- Task requirements
This exercise calls for the line with "LAKWAR Tactical Dog", the line with "Mountains Coffee Mug", and all lines between them in the material below, output exactly and with no other lines.
***** Available data
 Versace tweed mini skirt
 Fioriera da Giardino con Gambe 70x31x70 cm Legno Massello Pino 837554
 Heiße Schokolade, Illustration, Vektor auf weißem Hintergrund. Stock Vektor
**********
***** Available data
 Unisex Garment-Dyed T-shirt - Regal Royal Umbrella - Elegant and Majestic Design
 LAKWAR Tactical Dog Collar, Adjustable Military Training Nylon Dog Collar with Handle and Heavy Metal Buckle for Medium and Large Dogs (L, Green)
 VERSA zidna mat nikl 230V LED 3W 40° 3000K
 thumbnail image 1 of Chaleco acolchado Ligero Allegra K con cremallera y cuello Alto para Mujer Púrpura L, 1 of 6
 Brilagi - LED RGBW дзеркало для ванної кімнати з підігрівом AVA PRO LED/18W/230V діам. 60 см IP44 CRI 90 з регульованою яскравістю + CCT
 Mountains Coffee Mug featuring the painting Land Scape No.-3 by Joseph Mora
**********
- Task response
 LAKWAR Tactical Dog Collar, Adjustable Military Training Nylon Dog Collar with Handle and Heavy Metal Buckle for Medium and Large Dogs (L, Green)
 VERSA zidna mat nikl 230V LED 3W 40° 3000K
 thumbnail image 1 of Chaleco acolchado Ligero Allegra K con cremallera y cuello Alto para Mujer Púrpura L, 1 of 6
 Brilagi - LED RGBW дзеркало для ванної кімнати з підігрівом AVA PRO LED/18W/230V діам. 60 см IP44 CRI 90 з регульованою яскравістю + CCT
 Mountains Coffee Mug featuring the painting Land Scape No.-3 by Joseph Mora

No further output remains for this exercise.